The specific limits are:
- Rs.75,000 for 40%-80% disability
- Rs.1,25,000 for severe disability (80% or more)
A disability certificate from the concerned medical authority will be required for claiming this deduction.
Additional Read: 7 best tax saving options available for you
A resident individual or a HUF can claim a deduction of INR 40,000 for expenses towards treatment of certain specific ailments for his dependents. In case of a senior citizen, a deduction can be claimed up to INR 100,000. Medical expenses claimed from an insurance policy or from an employer are reduced before the application of deductions. Prescription from a medical specialist is necessary.

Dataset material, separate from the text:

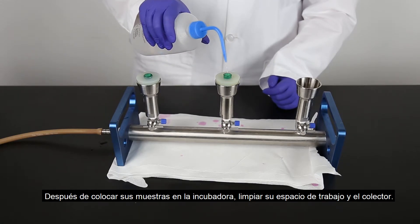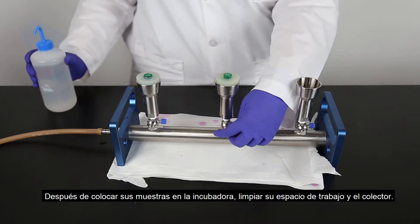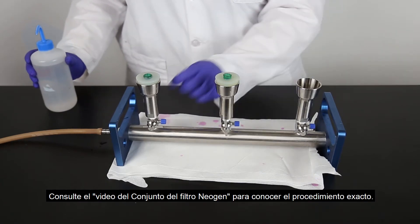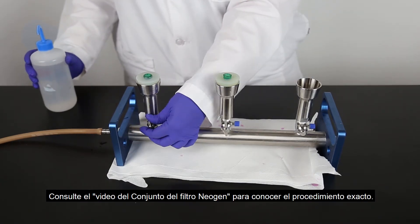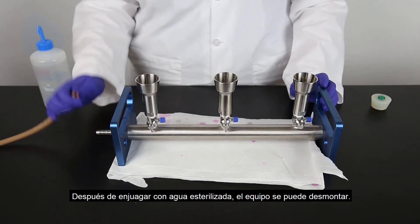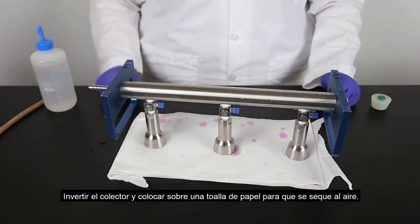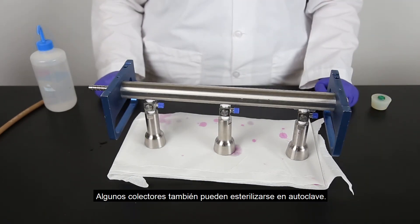After placing your samples in the incubator, clean up your workspace and the manifold. Reference the Neogen Filter Assembly video for the exact procedure. After rinsing with sterile water, the equipment can be disassembled. Invert the manifold and place it on a paper towel to air dry. Some manifolds can be autoclaved for sterility as well.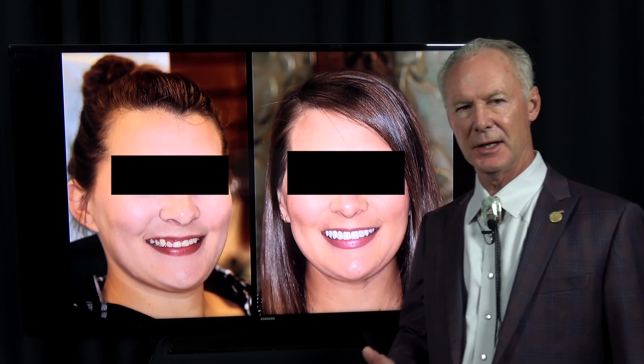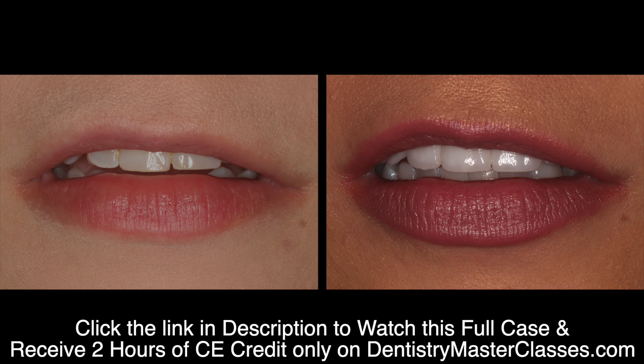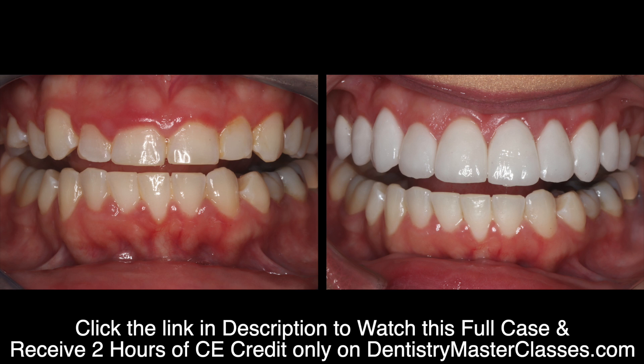Many of you have asked about suturing techniques. I'm going to show you how to suture a periodontal crown lengthened case using 4-0 gut suture interproximally.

You can also save tax on interest payment on higher education loans for self, spouse, children. The deduction can be claimed till either:
- 8 years from the year of beginning of loan repayment or
- Until the entire interest is paid off, whichever is earlier
Interest Component on Home Loans
- Section - 24(b)
Interest payments on a home loan can be reduced from your income. If the house is self-occupied, a maximum of INR 200,000 can be claimed as a deduction, provided the construction is completed within five years of the loan tenure. If you choose to let out the purchased property on rent, then the entire interest amount can be deducted from the ‘Income from house property.’
2. Section 80EE
For people buying a home for the first time, up to INR 50,000 is allowed on the home loan interest if the property value and loan is less than the prescribed limit and sanctioned in FY 2016-17.
3. Section - 80EEA
First-time homebuyers can claim additional interest benefits amounting to INR 150,000 above Section 24(b) on home loan EMI’s, provided the property value is less than INR 45 Lakh and the loan should be sanctioned during FY 19-20. This effectively makes way for up to INR 3.5 Lakh tax-saving other than Section 80C, including the benefit of Rs. 2 lakh under section 24(b).
However, no prior property should be registered under an applicant's name while availing benefits under Section 80 EE and 80 EEA.
This deduction is related to the donations paid in support of various social causes. The donations are eligible for tax deduction of up to 50% or 100% of the donated amount depending on the charitable institution. The list includes Prime Minister's National Relief Fund, National Children's Fund etc. No donation above two thousand rupees should be made in cash mode to be eligible.
- Section - 10(13A)
Salaried employees who receive house rent allowance (HRA) as a part of salary and make rent payments can claim exemption to reduce their taxable salary. The total exemption available is the minimum of the following:
- Actual annual HRA disbursed
- 40% of basic salary for non-metro city or 50% of basic salary if the rented property is in Metro city
- Actual rent paid less than 10% of basic salary
2. Section - 80GG
If your company does not include the HRA component in your salary, you can claim the deduction which is lesser of:
- INR 5,000 per month
- 25% of the total annual income
- Annual rent - 10% of the annual income
Section 80 GGC
An individual can claim deduction on contributions made to a political party or electoral trust via any mode other than cash. There is no upper cap on the claim amount, but the overall deduction amount cannot exceed the gross income.
Up to INR 10,000 can be claimed on interest earned from a savings account maintained with a bank, co-operative society, or post office. Interest income from FDs, RDs or corporate bonds is not eligible.
Section 80 TTB
A deduction up to INR 50,000 can be claimed by a senior citizen on interest income from saving accounts or deposits.
Resident individuals who suffer from physical disabilities including blindness or mental health can claim deduction of up to INR 75,000 and those with severe disabilities can claim up to INR 125,000.
Other exemptions from salary income
Besides the all too popular HRA exemption, you can also avail tax exemption on Leave Travel Allowance, meal coupons, conveyance allowance, medical allowance, etc.
Additional Read: Understanding the Basics of Income Tax for Beginners
There are several tax saving options that you can utilize basis relevance to you. Even if you exhaust the popular 80C deduction, you can still look at these other benefits.